| Supplied material |
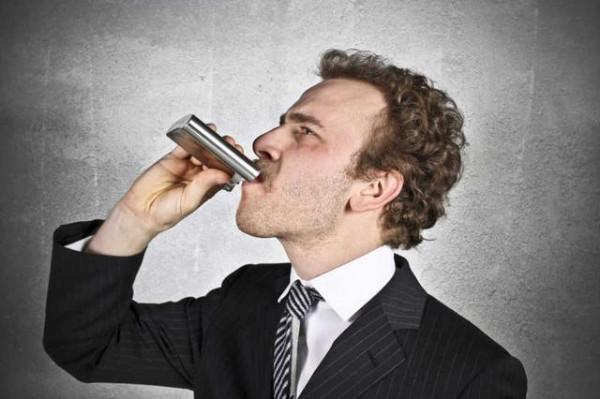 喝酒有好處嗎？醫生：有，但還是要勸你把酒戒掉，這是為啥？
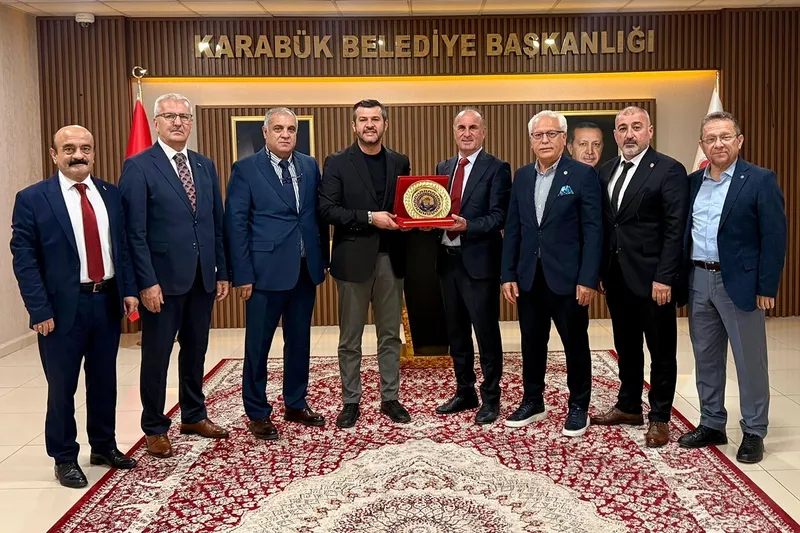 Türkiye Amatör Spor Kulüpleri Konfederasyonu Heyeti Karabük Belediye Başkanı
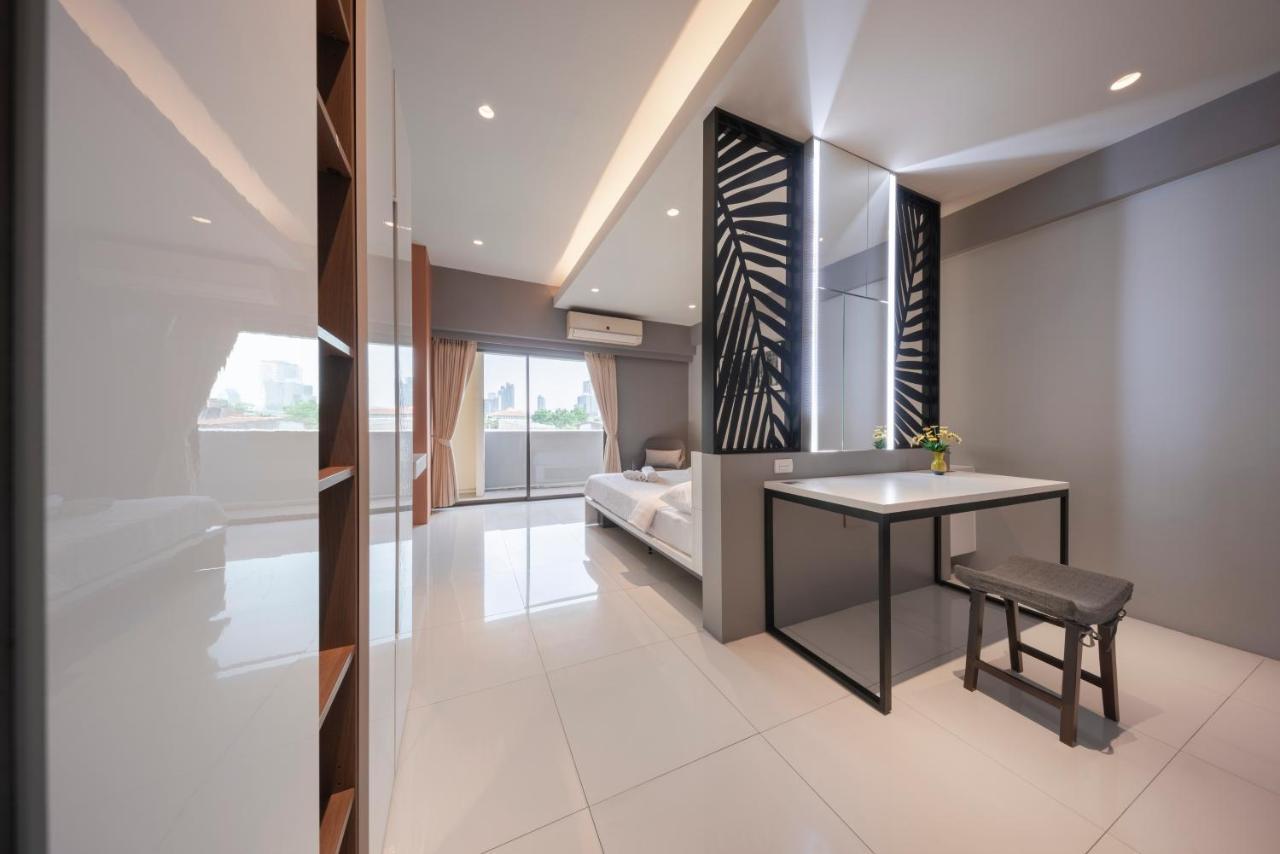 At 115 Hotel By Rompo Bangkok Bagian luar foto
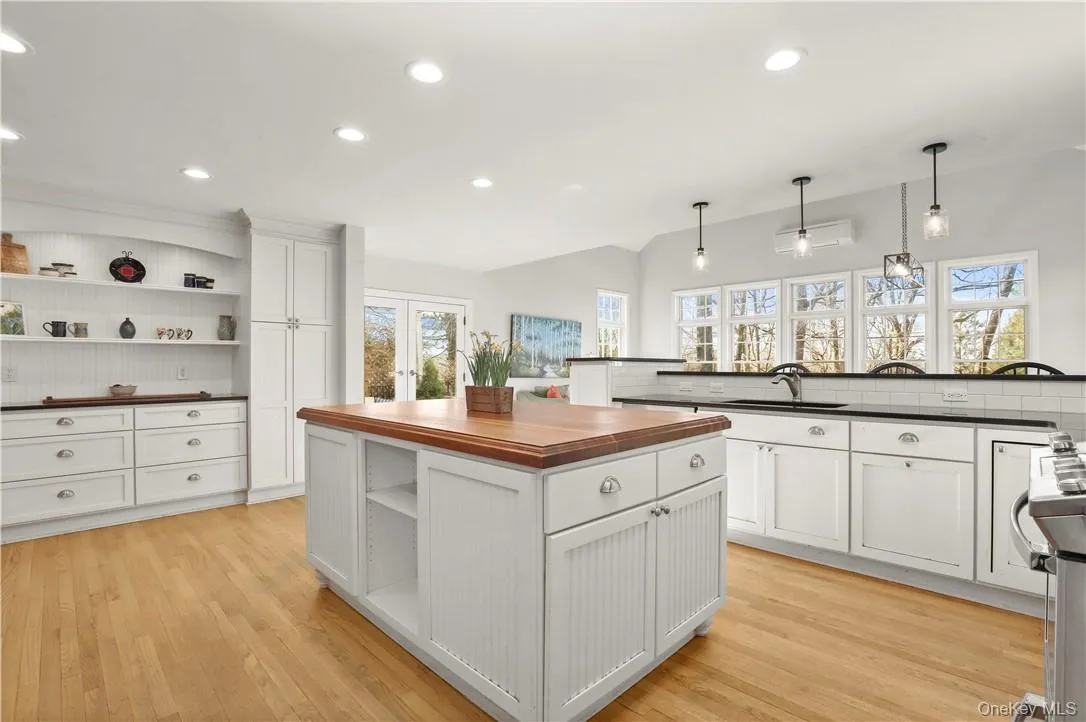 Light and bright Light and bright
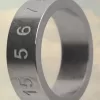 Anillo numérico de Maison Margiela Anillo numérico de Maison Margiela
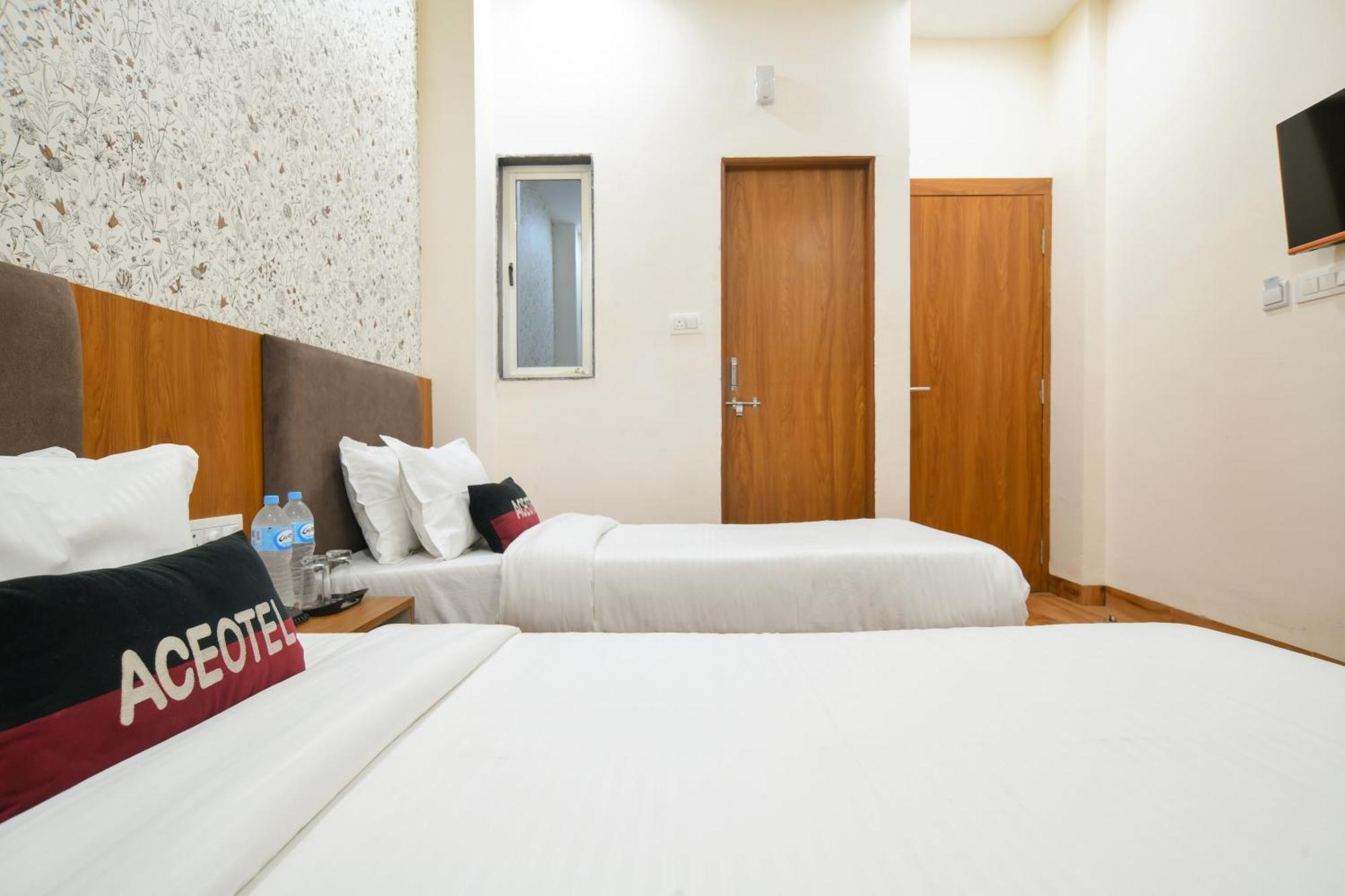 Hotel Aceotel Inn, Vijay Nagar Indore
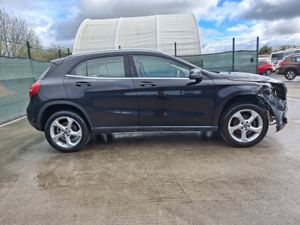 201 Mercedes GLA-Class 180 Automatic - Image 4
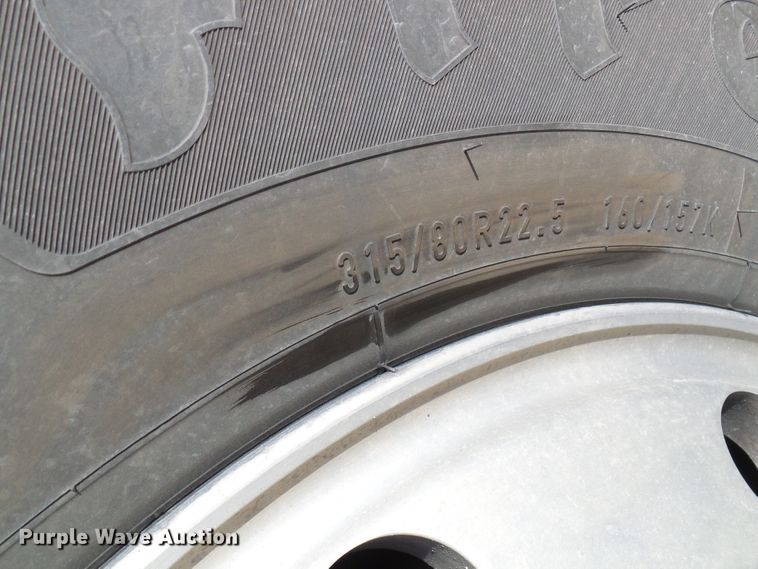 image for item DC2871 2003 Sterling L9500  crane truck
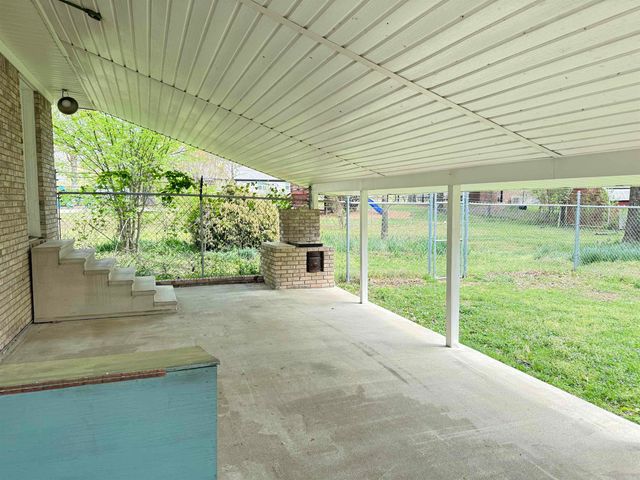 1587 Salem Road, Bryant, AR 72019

| Assignment |
Your answer should be every line above, written out exactly, with no pictures.

| Completed task |
 喝酒有好處嗎？醫生：有，但還是要勸你把酒戒掉，這是為啥？
 Türkiye Amatör Spor Kulüpleri Konfederasyonu Heyeti Karabük Belediye Başkanı
 At 115 Hotel By Rompo Bangkok Bagian luar foto
 Light and bright Light and bright
 Anillo numérico de Maison Margiela Anillo numérico de Maison Margiela
 Hotel Aceotel Inn, Vijay Nagar Indore
 201 Mercedes GLA-Class 180 Automatic - Image 4
 image for item DC2871 2003 Sterling L9500  crane truck
 1587 Salem Road, Bryant, AR 72019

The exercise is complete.